Prezydent Litwy: Kaczyński był politykiem przez duże "P"
Dodano:
- Pamięć o prezydencie Polski Lechu Kaczyńskim, który zginął przed dwoma laty, a także pamięć o innych ofiarach tragedii smoleńskiej na zawsze pozostanie w sercach Litwinów - oświadczył litewski premier Andrius Kubilius.
- Czas leczy rany, jednak nie usunie z pamięci tych, którzy z miłością i oddaniem pracowali dla naszego wspólnego dobra. Dzisiaj, po kilku latach od tragedii smoleńskiej, pamiętamy o prezydencie Lechu Kaczyńskim - przyjacielu i towarzyszu, pamiętamy o wszystkich, którzy zginęli tego dnia. Pamięć o nich na zawsze pozostanie w naszych sercach" - czytamy w oficjalnym oświadczeniu szefa rządu.
Sejm Litwy uczcił ofiary katastrofy smoleńskiej minutą ciszy. - Przed dwoma laty wszystkimi mieszkańcami Litwy wstrząsnęła wiadomość o tragicznej katastrofie lotniczej, w której zginął prezydent RP Lech Kaczyński, jego małżonka Maria i wielu dostojnych obywateli państwa sąsiedniego. Prezydent Lech Kaczyński był człowiekiem, który swoją pracą i przykładem budował i wzmacniał mosty pomiędzy narodami litewskim i polskim.

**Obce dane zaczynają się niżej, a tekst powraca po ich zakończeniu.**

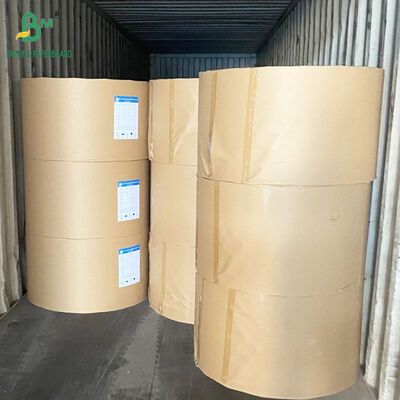 Papier do pieczenia z białego silikonu powlekanego z obu stron, łatwo się ślizgający, 40GSM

Był to polityk z dużej litery - powiedział podczas posiedzenia Sejmu jego wiceprzewodniczący Erikas Tamaszauskas.
Z inicjatywy ambasady RP w Wilnie i polskich organizacji społecznych w wileńskim kościele św. Rafała została we wtorek odprawiona msza święta w intencji ofiar katastrofy.